• What to produce
A faithful copy of the listing below is needed, one that contains no pictures.

-.-.-

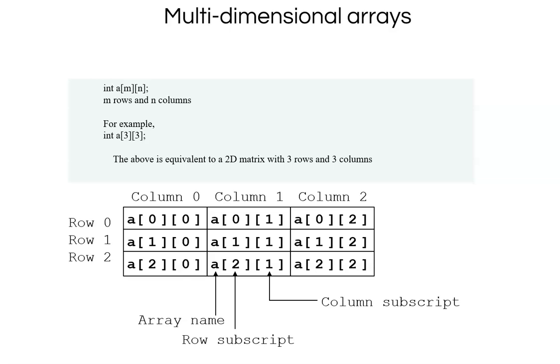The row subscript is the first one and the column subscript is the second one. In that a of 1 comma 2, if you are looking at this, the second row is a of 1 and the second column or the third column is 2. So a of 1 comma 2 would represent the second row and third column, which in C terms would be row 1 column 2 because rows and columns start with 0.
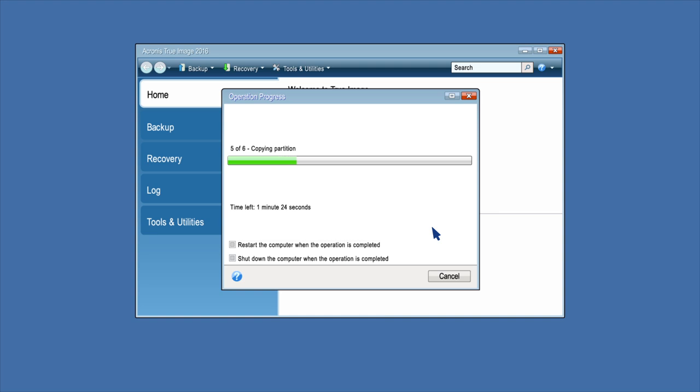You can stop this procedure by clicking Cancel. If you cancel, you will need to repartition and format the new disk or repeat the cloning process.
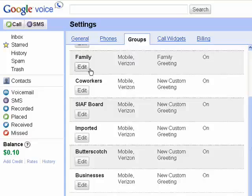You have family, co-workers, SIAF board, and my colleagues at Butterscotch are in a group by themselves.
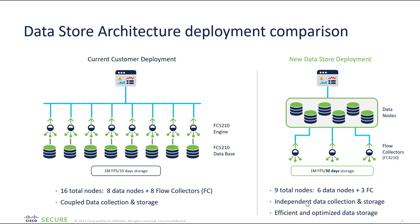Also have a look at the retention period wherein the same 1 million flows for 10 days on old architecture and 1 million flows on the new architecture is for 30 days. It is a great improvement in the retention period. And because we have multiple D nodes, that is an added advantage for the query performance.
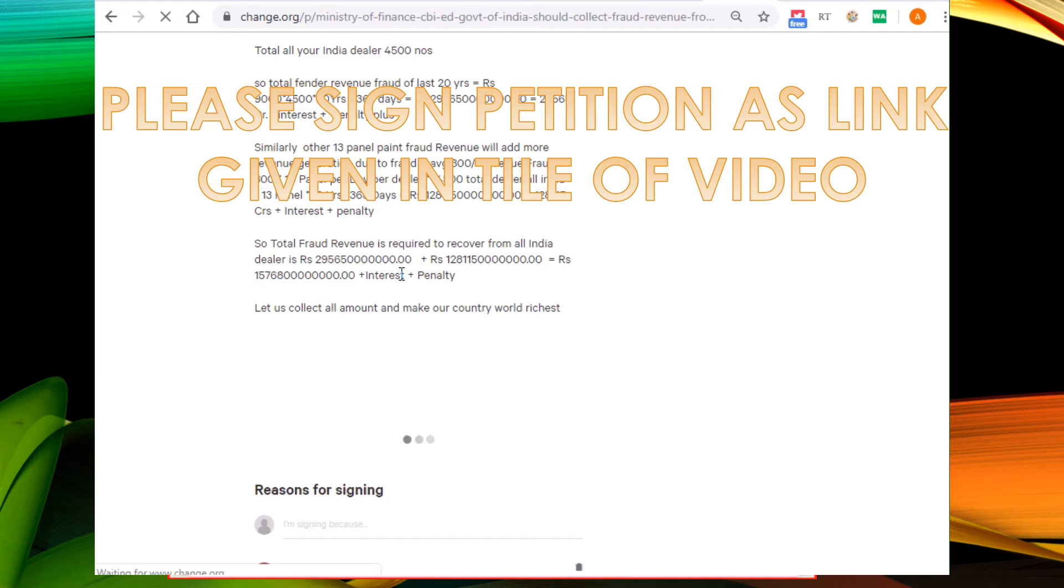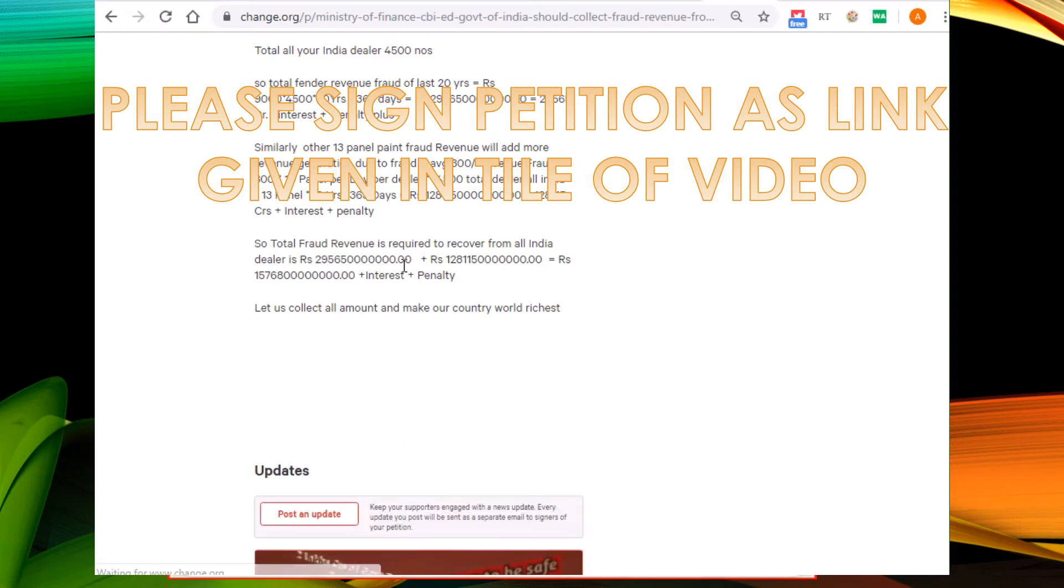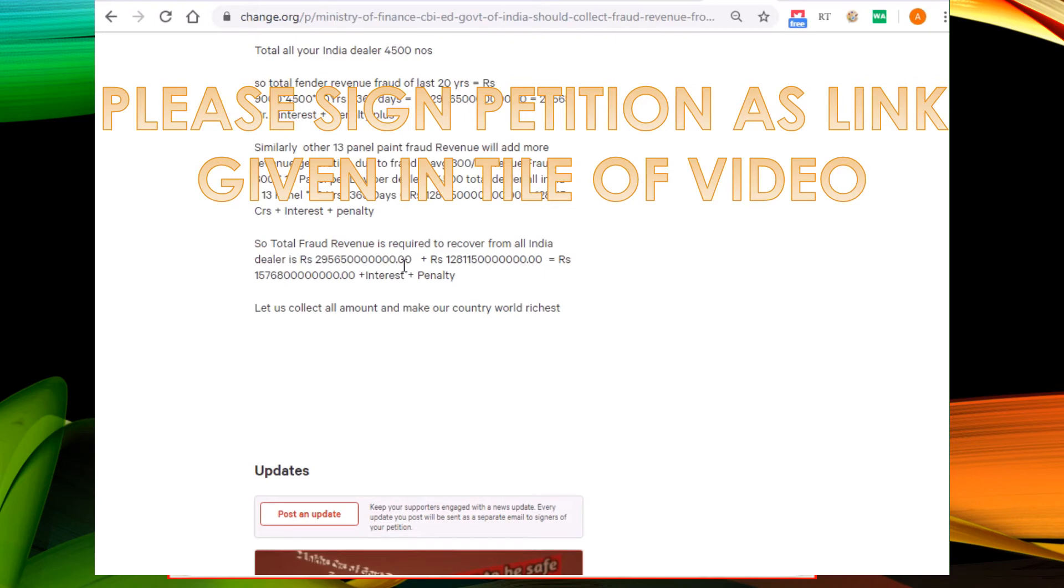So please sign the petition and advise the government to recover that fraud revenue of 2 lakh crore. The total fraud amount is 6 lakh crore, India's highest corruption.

-.-.-

• Answer box
The row subscript is the first one and the column subscript is the second one. In that a of 1 comma 2, if you are looking at this, the second row is a of 1 and the second column or the third column is 2. So a of 1 comma 2 would represent the second row and third column, which in C terms would be row 1 column 2 because rows and columns start with 0.
You can stop this procedure by clicking Cancel. If you cancel, you will need to repartition and format the new disk or repeat the cloning process.
You have family, co-workers, SIAF board, and my colleagues at Butterscotch are in a group by themselves.
Also have a look at the retention period wherein the same 1 million flows for 10 days on old architecture and 1 million flows on the new architecture is for 30 days. It is a great improvement in the retention period. And because we have multiple D nodes, that is an added advantage for the query performance.
So please sign the petition and advise the government to recover that fraud revenue of 2 lakh crore. The total fraud amount is 6 lakh crore, India's highest corruption.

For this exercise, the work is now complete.